Task requirements: When you reach the line that contains "Illustration eines Mannes", begin copying exactly, and continue through the last line of the data; no pictures belong in the copy.

Material provided:
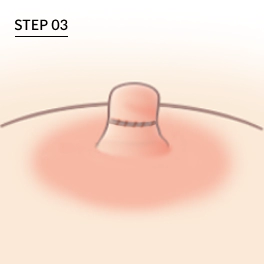 How inverted nipples are sutured for Korean nipple reduction.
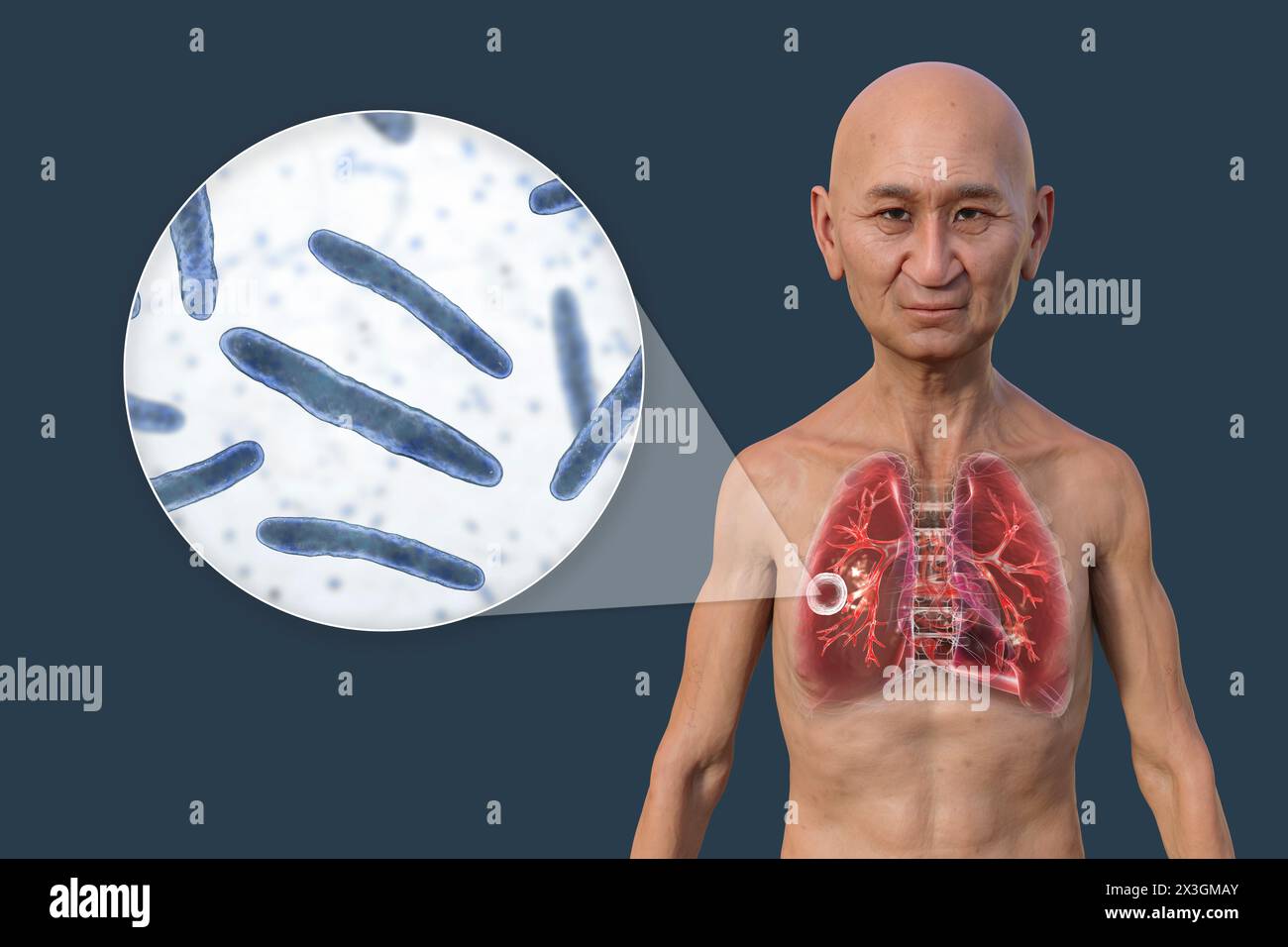 Illustration eines Mannes mit Lungen mit kavernöser Tuberkulose und Nahaufnahme von Mycobacterium tuberculosis-Bakterien. Stockfoto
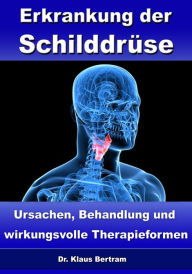 Title: Erkrankung der Schilddrüse - Ursachen, Behandlung und wirkungsvolle Therapieformen, Author: Dr. Klaus Bertram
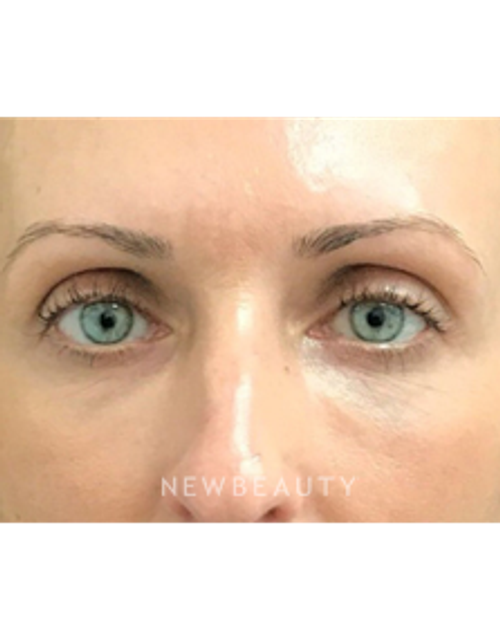 Dr. Janet Allenby - Injectables & Fillers - After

Written answer:
 Illustration eines Mannes mit Lungen mit kavernöser Tuberkulose und Nahaufnahme von Mycobacterium tuberculosis-Bakterien. Stockfoto
 Title: Erkrankung der Schilddrüse - Ursachen, Behandlung und wirkungsvolle Therapieformen, Author: Dr. Klaus Bertram
 Dr. Janet Allenby - Injectables & Fillers - After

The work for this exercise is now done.